Hace poco el Congreso aprobó la Ley de Promoción de la Alimentación Saludable para Niños, Niñas y Adolescentes (o, como se la conoce popularmente, la ley de comida chatarra). Si algo bueno ha traído esta iniciativa, qué duda cabe, es una amplia discusión sobre nuestros hábitos alimenticios. Una pena, sin embargo, que esto sea prácticamente lo único bueno que trajo consigo la ley. Y es que esta norma pretende eliminar los efectos negativos del consumo de alimentos “poco saludables” pero con medidas que difícilmente podrán conseguir ese resultado y, más bien, pueden terminar causando el efecto opuesto (además de, por supuesto, robar varios momentos de placer a la vida de las personas).

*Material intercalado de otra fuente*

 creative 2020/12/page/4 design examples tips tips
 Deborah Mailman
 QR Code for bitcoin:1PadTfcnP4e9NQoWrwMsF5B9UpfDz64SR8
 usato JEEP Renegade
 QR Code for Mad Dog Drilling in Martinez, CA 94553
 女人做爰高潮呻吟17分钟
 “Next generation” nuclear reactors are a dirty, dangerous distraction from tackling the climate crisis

La ley restringe en numerosos supuestos la publicidad de alimentos procesados que pueda incentivar su consumo en menores de 16 años. Y estos supuestos son tan amplios que prácticamente cierran la posibilidad de seguir haciendo publicidad para este segmento. Incluso queda flotando la pregunta de cómo se hará publicidad para segmentos distintos, pues es difícil pensar en un comercial de, digamos, papitas fritas, que seduzca solo a mayores de 16. Por eso, la norma, aunque no lo disponga expresamente, terminará restringiendo severamente toda la publicidad de este tipo de productos.

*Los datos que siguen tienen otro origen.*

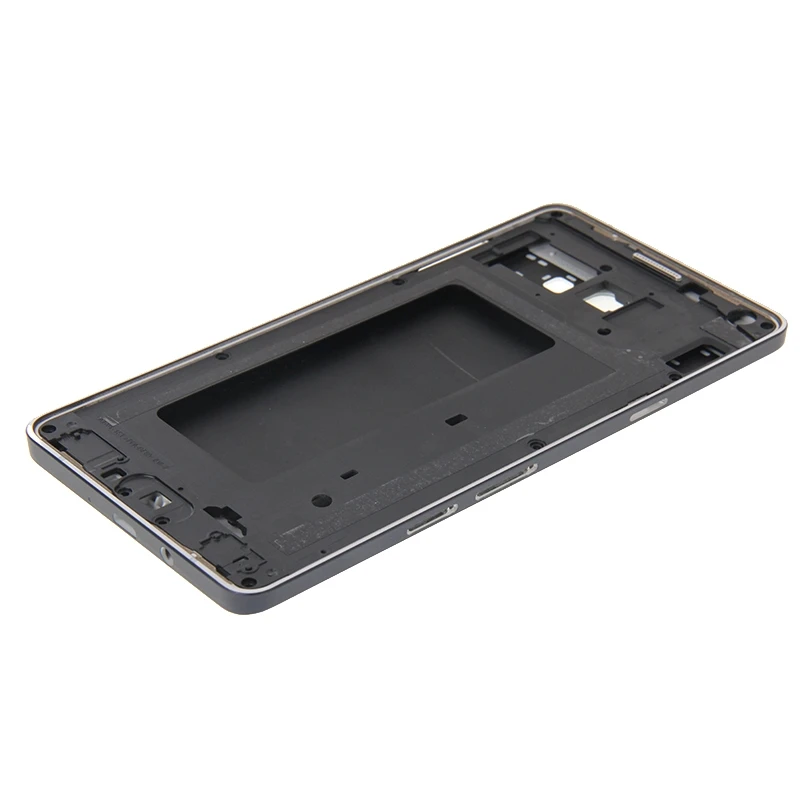 S-SPA-2110L_3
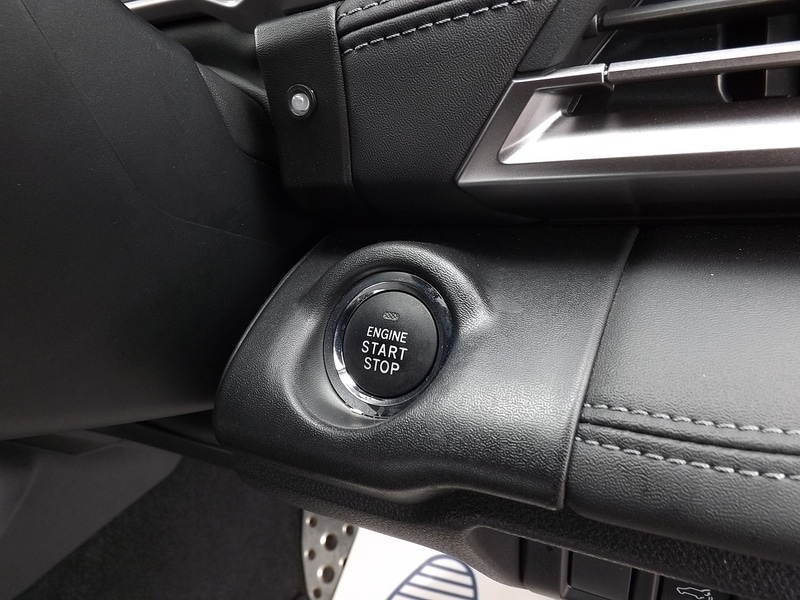 Used Subaru Outback 2022 for sale - 76766469: Photo 22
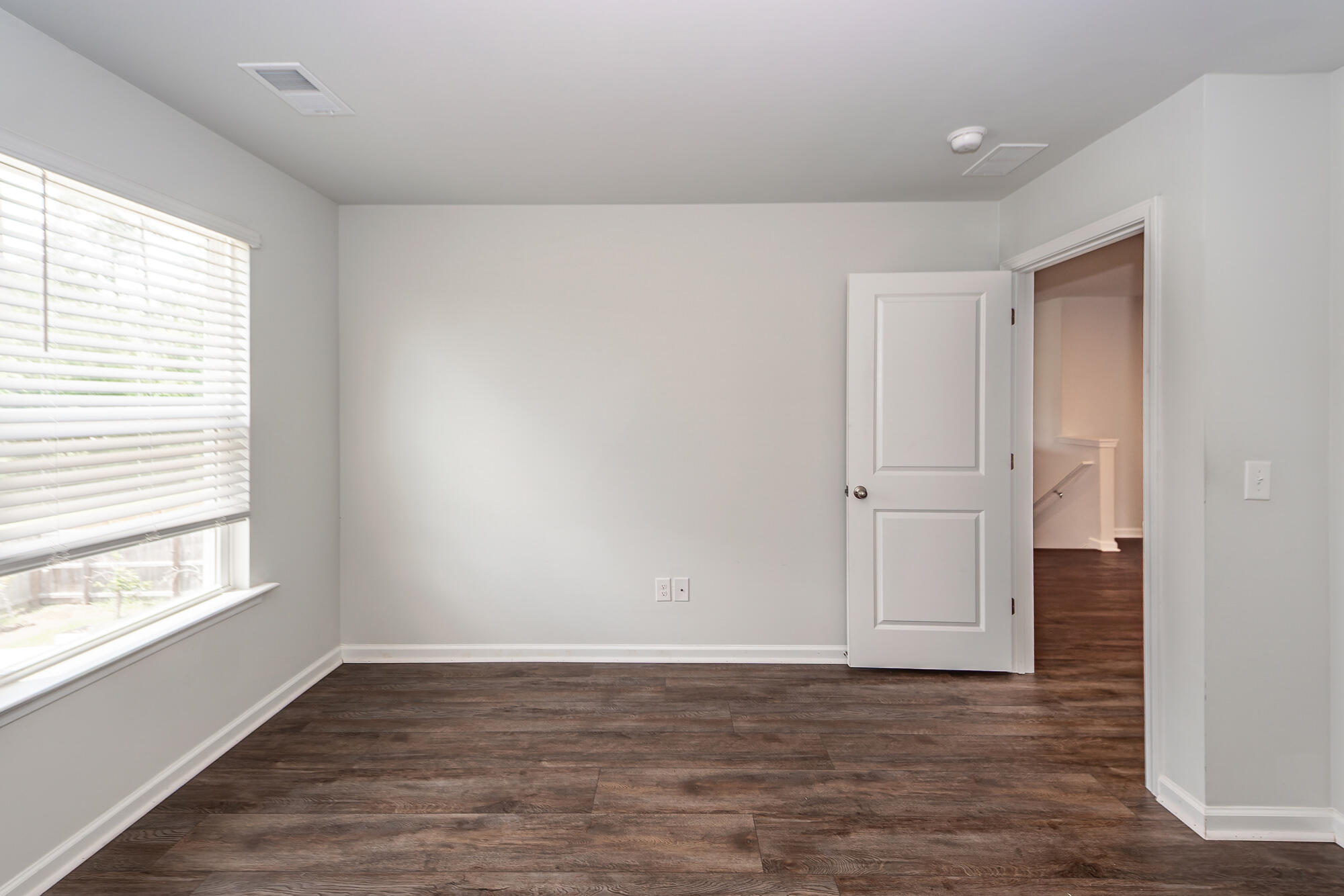 415 Zenith Boulevard Summerville, SC 29486 - Photo 30 of 42 30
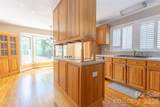 118 Amity Circle - Photo 7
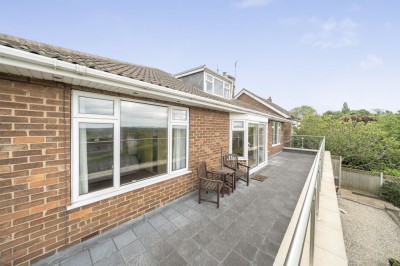 Images for Upper Long Leys Road, Lincoln EAID:Starkey & Brown Scunthorpe BID:Starkey&Brown Lincoln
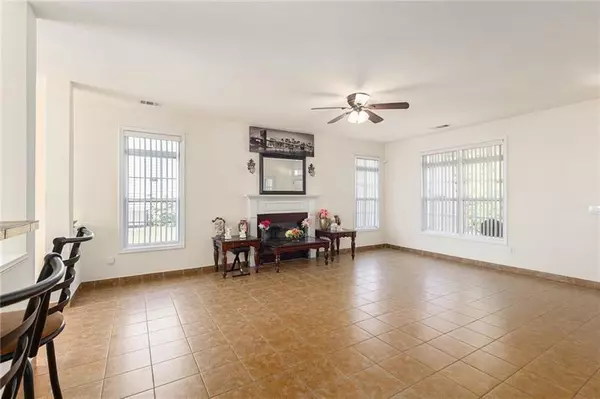 Villa Rica, GA 30180,2770 Nautical WAY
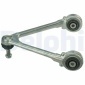 Delphi TC3548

La ley parte de una premisa cuestionable: la publicidad es mala. La publicidad, sin embargo, es solo una vía a través de la cual se informa al consumidor. Y la información que se le ofrece puede ser engañosa, pero también verdadera y útil para tomar mejores decisiones. Una empresa de papitas fritas, por ejemplo, puede utilizar una publicidad llamativa para informar a sus consumidores de que el precio de su producto es menor que el de la competencia, de que por un tiempo hay una oferta que le permite comprar dos paquetes por el precio de uno, o de que las papas de su marca son más saludables que otras.

La publicidad, en buena cuenta, es como una carretera por la que viaja información del vendedor al consumidor. Y lo que debería hacer el Estado con ella es crear mecanismos para que dicha información sea verdadera y no mentirosa. Por ejemplo, sancionando a las empresas que engañan u obligándolas a consignar información en sus empaques de la que claramente pueda depender la decisión de compra del consumidor (como se hace con los medicamentos que deben adjuntar una lista de posibles efectos adversos). Pero, en este caso, el Congreso ha ido más allá: prácticamente ha bloqueado la carretera impidiendo que viaje la información, tanto la mala como la buena. Y con ello, le ha quitado a las personas elementos para tomar mejores decisiones que los lleven a disfrutar más o cuidar mejor su bolsillo y, por qué no, su salud.

Por otro lado, la ley dispone la eliminación progresiva de los alimentos industriales con grasas trans. Más allá de que, en este punto, el Congreso sí está tratando a los adultos como niños al suplantar su decisión sobre qué comer, esto no brinda ninguna garantía de que mejorará la salud de las personas. Si una persona quiere comer algo sabroso y grasoso, lo hará de todas formas, pero esta vez recurrirá, en vez de al producto industrial, a la fritura casera, de restaurante o de carretilla que puede ser igual de dañina y que, incluso, podría tener estándares de salubridad menores que la comida industrializada y por lo tanto ser más dañina.

Adicionalmente, llama la atención la escala de prioridades que el Congreso demuestra atacando este problema. Según el Instituto Peruano de Economía, en el 2010, mientras que el 17,9% de niños menores de 5 años era desnutrido de manera crónica, solo el 3% de adolescentes de segundo a cuarto de secundaria de colegios estatales era considerado obeso. Y en algunos departamentos el problema de la desnutrición es tanto más dramático. En Huancavelica, por ejemplo, casi el 45% de los niños menores de 5 años es desnutrido crónico. ¿Por qué entonces priorizar el uso de recursos públicos en combatir el consumo de comida chatarra, cuando estarían mejor utilizados en resolver el problema de la desnutrición?

Ojalá el Ejecutivo observe esta norma. Y es que si hay algo poco saludable que ronda por ahí es ella misma.